An XML-Based Database System

In this Project Part II, you are to design and implement an XML-based database system to support your favorite database application. See information at the bottom of this page about using Quip, an XQuery implementation from Software AG.

Your data will be in plain XML files, not in an XML server. Your application will consist of a set of XQuery queries issued on command line or using Quip's graphical user interface.

You will design the XML Scheme appropriate for your application (even though we do not require you to pass it to a parser), generate data in XML files that conform to this schema, and write XQuery queries.

Make as many of the constraints as possible be part of the XML Schema. Express the rest using XQuery queries so that a constraint will be considered violated if the corresponding query returns a non-empty answer.

Implement and test these constraints and the queries in your application on your generated data in XML files.

At the end of the project, you will be asked to hand in your project document and present a short (15-20 minutes) demo (there will be sign-up sheets).

Your database application

This should be the same application as in your Project Part I. Make sure you have a sufficient number of data types, constraints, and queries as required for your project description from Homework 1.

Documentation

Your complete implementation (queries, constraints, XML Schema) must be accompanied by a project document, which should include queries, constraints, XML Schema, and a brief user guide.

Teaming

This Project Part II should be done individually.

Bonus

Points for the bonus parts below are rough estimates; if you want to do any of them or propose to do anything else, you should let me know when you have a plan, or result, to get a better estimate of the points.

A. (20%) Write the XQuery types corresponding to your XML Schema; if there is any constraint that can not be expressed using XQuery types, express them using XQuery queries as described above.

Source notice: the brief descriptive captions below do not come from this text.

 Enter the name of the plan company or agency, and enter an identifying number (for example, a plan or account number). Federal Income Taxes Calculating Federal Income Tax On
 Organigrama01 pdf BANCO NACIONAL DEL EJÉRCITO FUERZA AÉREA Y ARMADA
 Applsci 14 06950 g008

Compare the size of this part and the size of your XML Schema (using rough counts of pages/lines/words/etc, whichever are appropriate).

B. (20%) Generate data that is as realistic as possible (in terms of both the content and the size) in any way you like and perform the queries in your application on this data. Explain your method, include the source code, describe how to run it, and summarize the results of the queries (show more details if a query finds anything interesting).

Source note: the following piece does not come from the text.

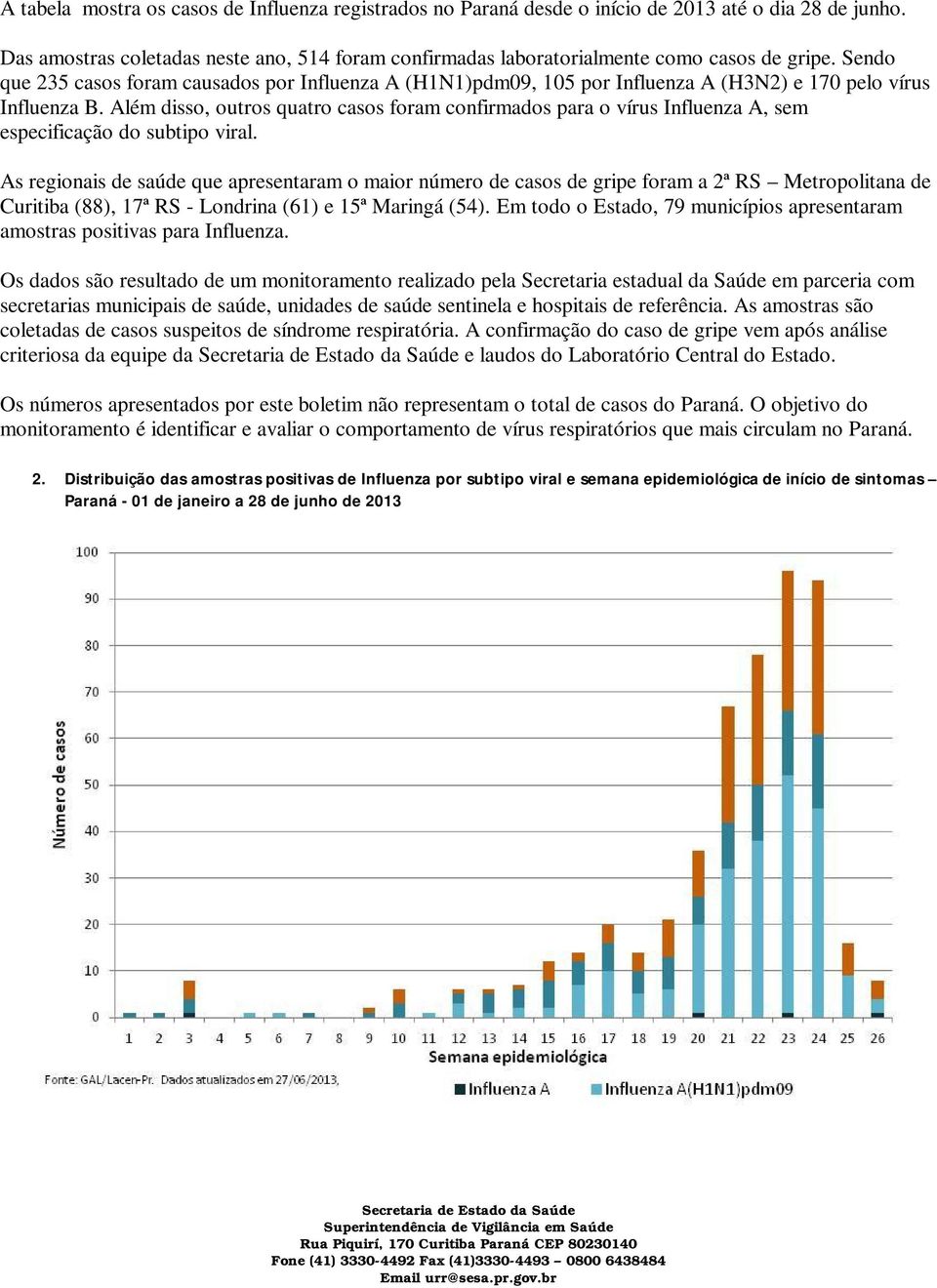 As regionais de saúde que apresentaram o maior número de casos de gripe foram a 2ª RS Metropolitana de Curitiba (88), 17ª RS - Londrina (61) e 15ª Maringá (54).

C. (30%) Take an interesting query, either existing or new, write it in the shortest, clearest, and most efficient ways. You should have two or more ways for an interesting query. Compare the different ways in terms of length, clarity, efficiency (both analytically and by experiments for efficiency), and the trade-offs.

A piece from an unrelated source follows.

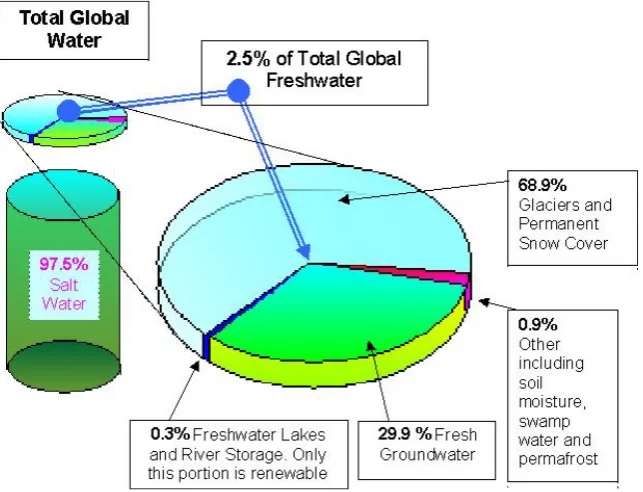 Fig. 1.1 Global Freshwater Availability (ref.IgorA.Shiklomanov, 1998)   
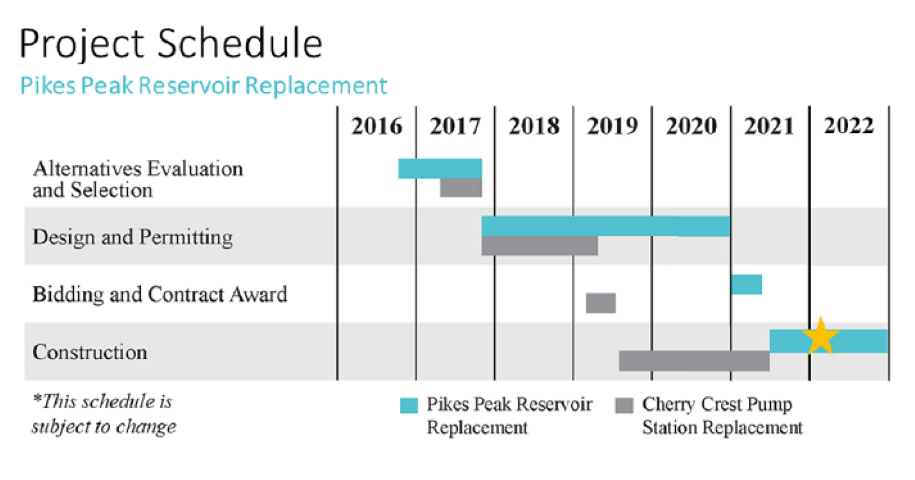 Pikes Peak Reservoir Replacement Project Schedule. Current phase: Construction, starting in apx spring 2021 through apx the end of 2022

D. (30%) Take another XQuery implementation and try it with the XML Schema, XQuery types, XQuery queries, and Java interface (whichever it has) for your application. Describe what you did, summarize your experience, and compare that implementation with Quip. You can find a list of XQuery implementations at here and here. We recommend Galax (for XQuery types and conformation with the new standard), X-Hive (for performance, possibly), Oracle and Kawa (for Java interface, possibly).

Using Quip, an XQuery implementation from Software AG

Quip is installed in the Graduate NT Lab. You can start Quip by using the shortcut in the Programs item of the Start menu. All Quip logfiles are written to "C:\Temp\%USERNAME%".

You can also download a copy of Quip from the Software AG site: http://developer.softwareag.com/tamino/quip/